→ Exercise data
····················

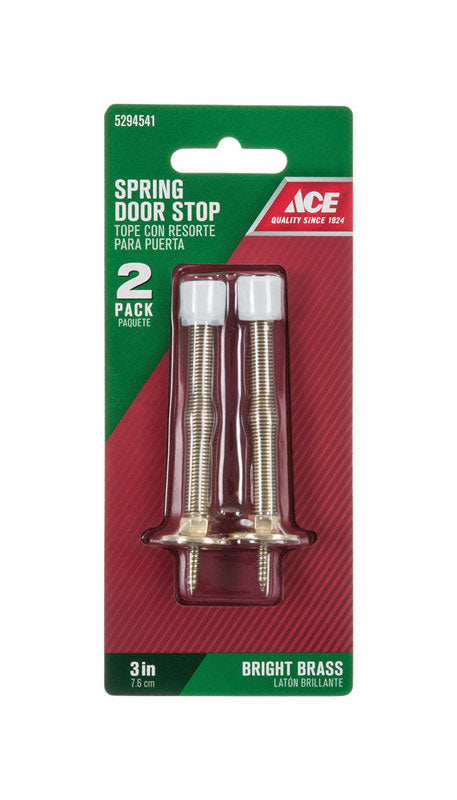 Ace 3 in. W Metal Bright Gold Spring Door Stop Mounts to door and wall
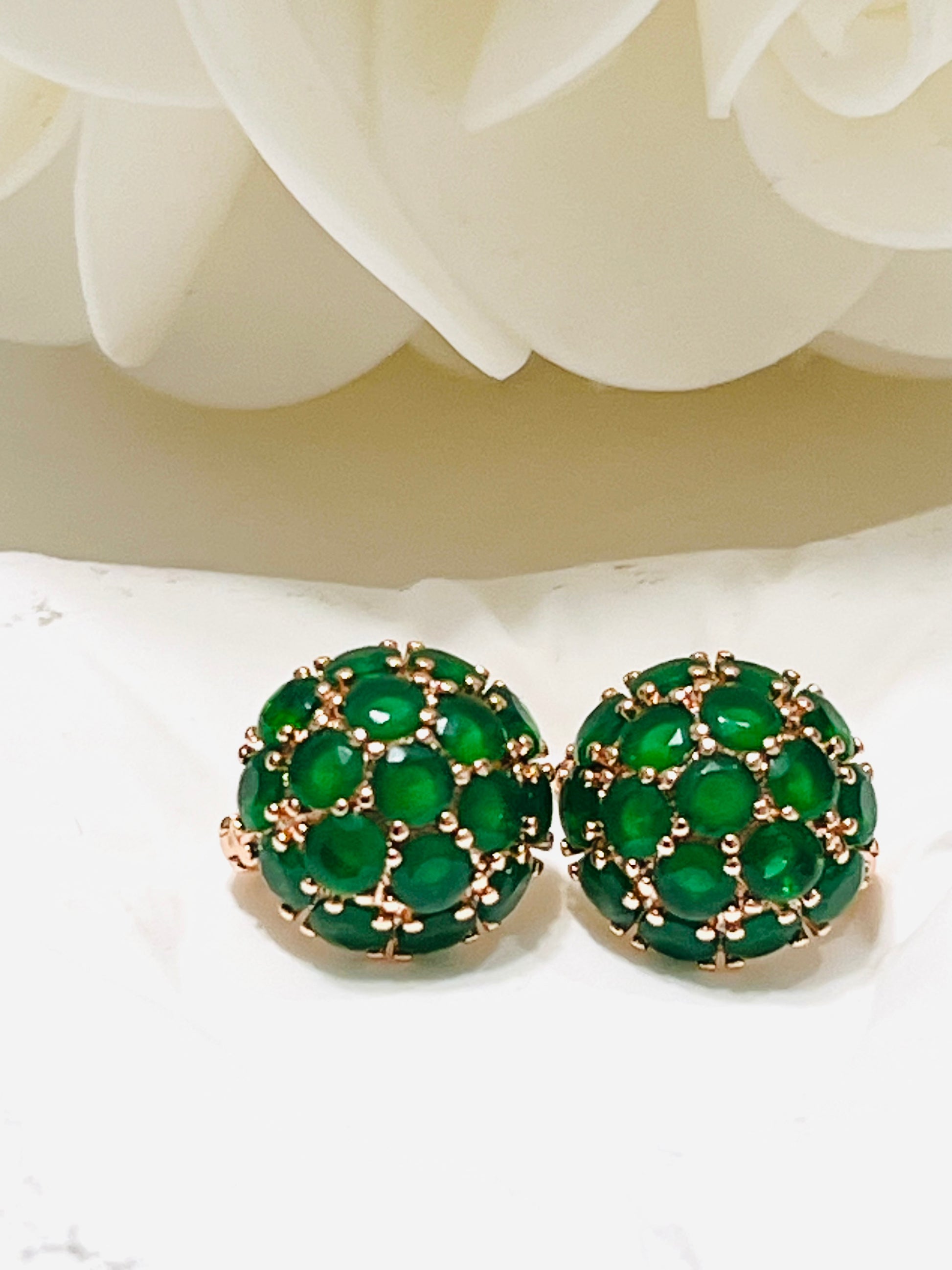 Rolled Gold Emerald Dome Earrings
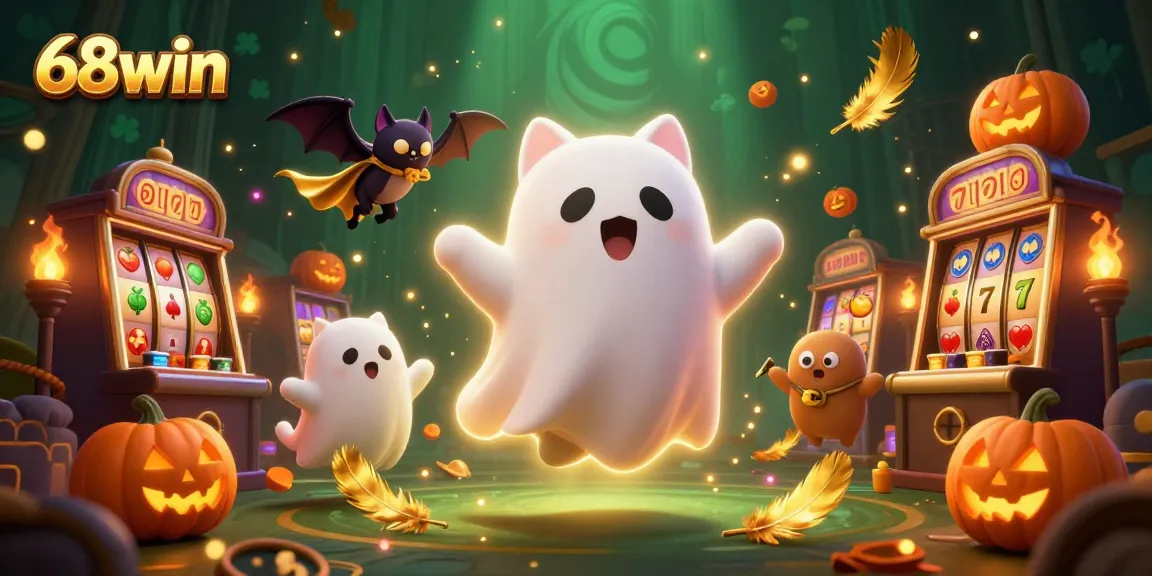 Experience exciting action at 68win's haunted casino with a ghost cat and vampire bat!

····················

→ Assigned task
Exact copy, no images: rewrite the entire listing above.

→ Answer to this task
 Ace 3 in. W Metal Bright Gold Spring Door Stop Mounts to door and wall
 Rolled Gold Emerald Dome Earrings
 Experience exciting action at 68win's haunted casino with a ghost cat and vampire bat!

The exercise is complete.